Terrance Stewart is the president of CSUN's Black Student Union (BSU). Photo Credit: Donnella Collison / Staff Reporter
Terrance Stewart is the president of CSUN's Black Student Union (BSU). Photo Credit: Donnella Collison / Staff Reporter

For Terrance Stewart, being a leader on campus is not only a way to pad a resume, but it has become his passion, one he discovered during his freshman year at CSUN.


Stewart, a 20 year-old criminology major and president of the Black Student Union (BSU), said that even in high school he recognized the importance of being a good leader by being the captain of his school’s football and wrestling teams.

Stewart, also a member of CSUN’s National Association for the Advancement of Colored People (NAACP), National Association of Black Students (NSBE) and Harambee Student Association, said being a student leader not only taught him responsibility, but the importance of being a role model.

“It taught me to be a good role model. I am not older; I am the same age as my peers. And as a leader, people do pay attention to what I do,” Stewart said.

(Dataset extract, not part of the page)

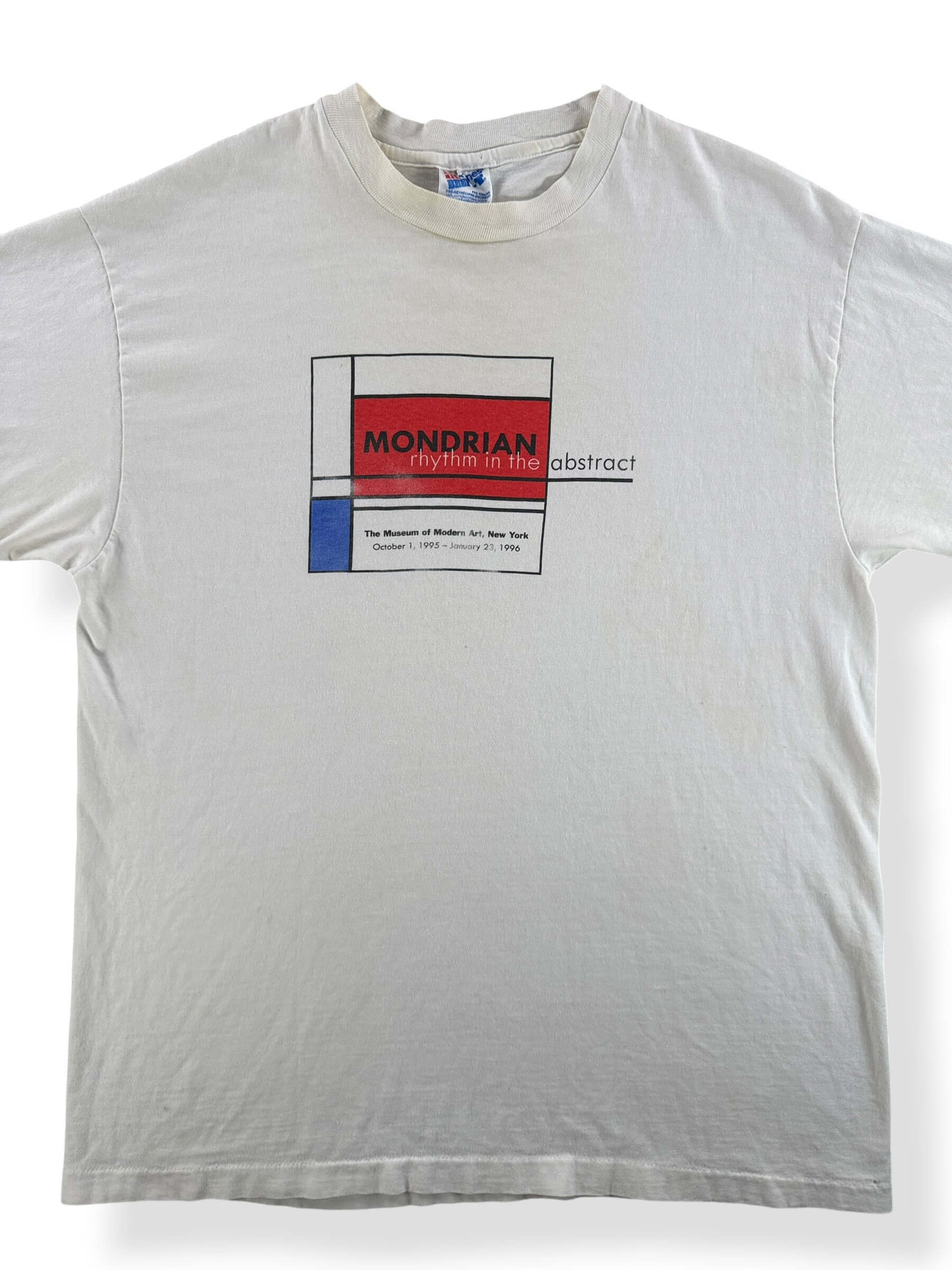 Front Close Up of Vintage MOMA 1996 Mondrian Exhibit Tee SZ L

Stewart said he wants to become even more conscious of what he does and aims to set a good example for his peers.

His goals and aspirations have always been a driving force in his life.

“There was never a question about whether I would graduate high school. I always expected to be here in college. I have always had high expectations,” Stewart said.

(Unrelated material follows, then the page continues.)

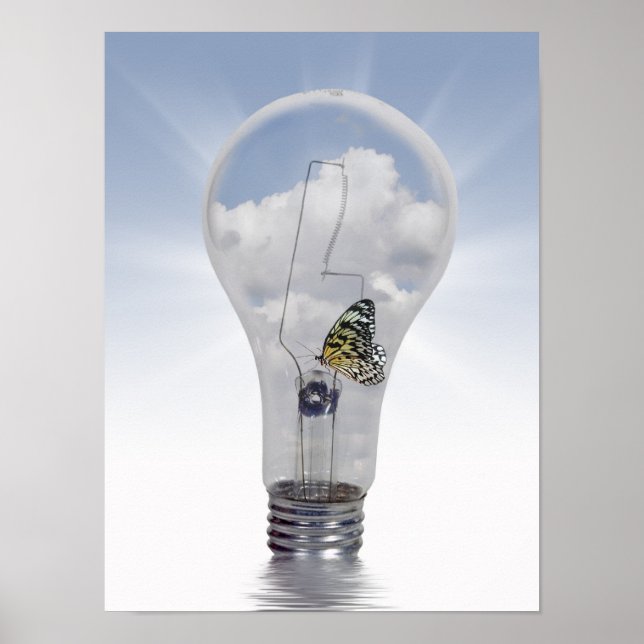 Butterfly In Light Bulb Poster (Front)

He hopes of one day attending law school and using his career, whatever it might be, to help troubled youth and to best serve his community.

Stewart’s goals for his organization are to ensure that the black students at CSUN become more aware of their voice and power and learn to use it for the betterment of the community. He also aims to facilitate more cultural awareness and community service.

As for his more personal goals, he is trying to raise his grade point average and possibly open his own landscaping business, which he describes as his craft.

“There is always room for improvement and I am always trying to do my best,” Stewart said.

For Stewart, his life with the BSU and social life have seemingly merged, making the balancing act between his duties as a student and as a student leader more manageable.

“My social life surrounds BSU. When I hang out with friends, a lot of them are also members and its BSU time. But it’s worth it,” Stewart said.

Stewart says that there is still a need for black students to be encouraged and uplifted and that one of his goals as president is to “build unity and togetherness among black students.”

“It’s important, especially in these times of economic hardships where blacks are already seen as being at the bottom of the totem pole,” Stewart said.

Stewart says that he will continue to encourage all black students to get involved and use their resources and to “get active and be more proactive” at CSUN and in life.